Amazon Food Reviews, Part V
In this final task, my goal is to predict the Amazon score (1 - 5) based on the reviews - a multiclass text classification problem. This post discusses the use of five pipeline models using scikit learn. The next post will introduce using Keras for building a sequential model for deep learning.
Scikit Learn
First, let's apply a typical test/train split:
from sklearn.cross_validation import KFold, train_test_split
from sklearn.cross_validation import cross_val_score
from scipy.stats import sem
from sklearn.feature_extraction.text import CountVectorizer
from sklearn.feature_extraction.text import TfidfTransformer
from sklearn.feature_extraction.text import TfidfVectorizer
from sklearn.feature_extraction.text import HashingVectorizer
from sklearn.naive_bayes import MultinomialNB
from sklearn.svm import LinearSVC
from sklearn.linear_model import LogisticRegression
from sklearn.pipeline import Pipeline
from sklearn import metrics
X, y = data2['text_cln'], data2['Score']
X_train, X_test, y_train, y_test = train_test_split(X, y,
test_size=0.2, random_state=0)
Next, let's set up our cross validation:
def evaluate_cross_validation(clf, X, y, K):
cv = KFold(len(y), K, shuffle=True, random_state=0)
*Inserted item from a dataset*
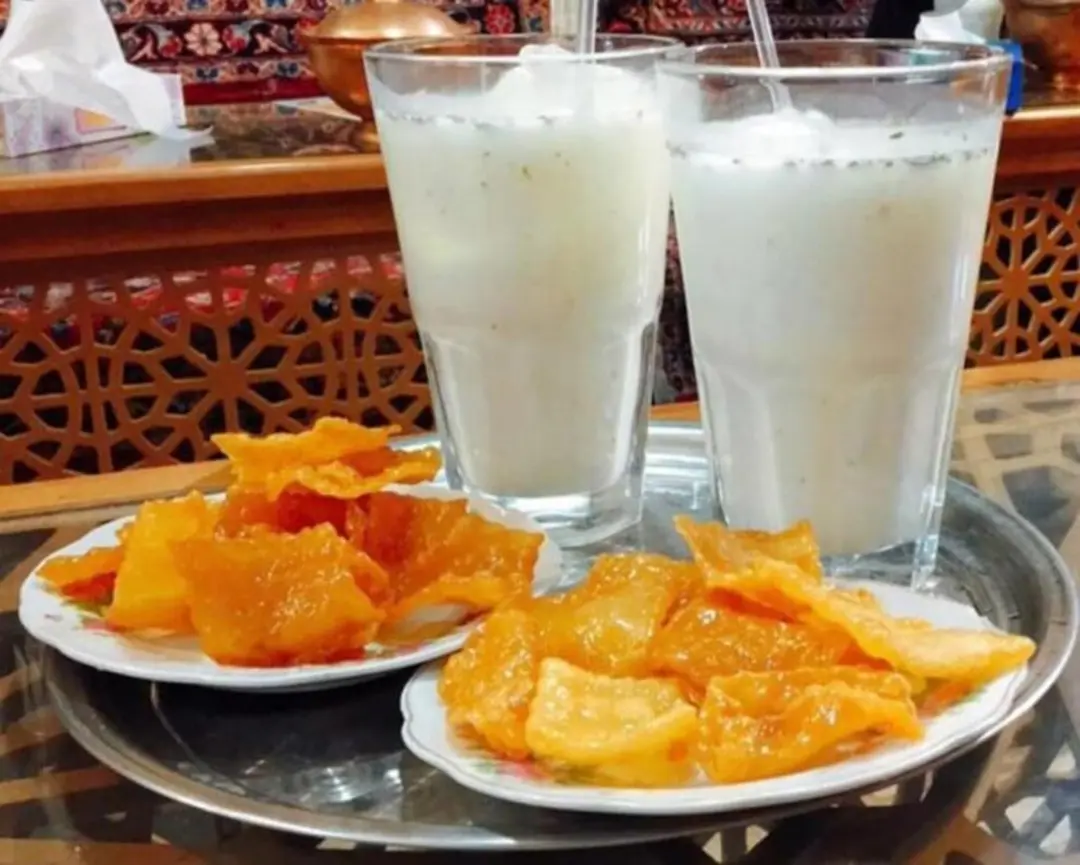 دوغ و گوشفیل در رستوران‌های اصفهان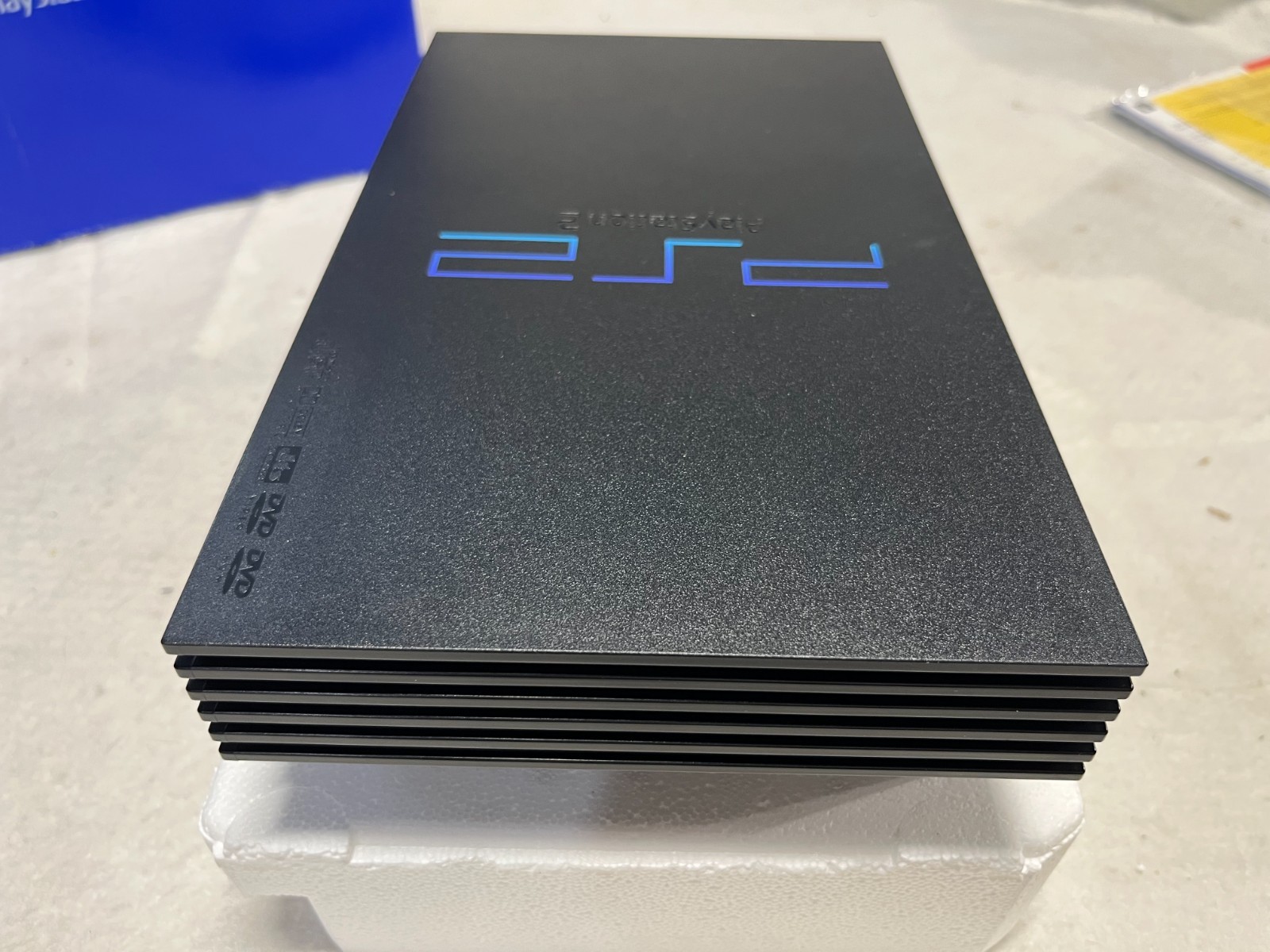 Barely Used Sony Playstation 2 PS2 Console System 39001 Complete in Original BOX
scores = cross_val_score(clf, X, y, cv=cv)
print(scores)
print("Mean score:{0:.3f}(+/-{1:.3f})".format(np.mean(scores),sem(scores)))
Next, we create a 5 different pipelines to test out 5 different classifiers:
Creating multiple models through pipelines:
clf_1 = Pipeline([('vect', CountVectorizer(decode_error='ignore', strip_accents='unicode', stop_words='english')),
('clf', MultinomialNB()),
])
clf_2 = Pipeline([
('vect', HashingVectorizer(decode_error='ignore', strip_accents='unicode', stop_words='english', non_negative=True)),
('clf', MultinomialNB()),
])
clf_3 = Pipeline([
('vect', TfidfVectorizer(decode_error='ignore', strip_accents='unicode', stop_words='english')),
('clf', MultinomialNB(alpha=.01)),
])
clf_4 = Pipeline([
('vect', TfidfVectorizer(decode_error='ignore', strip_accents='unicode', stop_words='english')),
('clf', LogisticRegression()),
])
clf_5 = Pipeline([
('vect', TfidfVectorizer(decode_error='ignore', strip_accents='unicode', stop_words='english')),
('clf', LinearSVC()),
])
#Evaluate each model using the K-fold cross-validation with 5 folds
clfs = [clf_1, clf_2, clf_3, clf_4, clf_5]
for clf in clfs:
evaluate_cross_validation(clf, data2['text_cln'],
data2['Score'], 5)
Now, after we run evaluate each pipeline, we get an accuracy score for each of the five folds and a mean accuracy:
clf1 [ 0.70503382 0.70498984 0.70557036 0.70416304 0.70628903] Mean score:0.705(+/-0.000)clf2
[ 0.63822994 0.63876648 0.63848502 0.64095663 0.63752309]
Mean score:0.639(+/-0.001)
clf3
[ 0.70141876 0.70185855 0.70214881 0.70458524 0.7019087 ]
Mean score:0.702(+/-0.001)
clf4
[ 0.74205522 0.742926 0.7429348 0.74464118 0.74180667]
Mean score:0.743(+/-0.000)
clf5
[ 0.75884635 0.7610277 0.76046477 0.7631123 0.75872988]
Mean score:0.760(+/-0.001)
It's time to evaluate our models:
def train_and_evaluate(clf, X_train, X_test, y_train, y_test):
clf.fit(X_train, y_train)
print("Accuracy on training set:")
print(clf.score(X_train, y_train))
print("Accuracy on testing set:")
print(clf.score(X_test, y_test))
y_pred = clf.predict(X_test)
print("Classification Report:")
print(metrics.classification_report(y_test, y_pred))
print("Confusion Matrix:")
print(metrics.confusion_matrix(y_test, y_pred))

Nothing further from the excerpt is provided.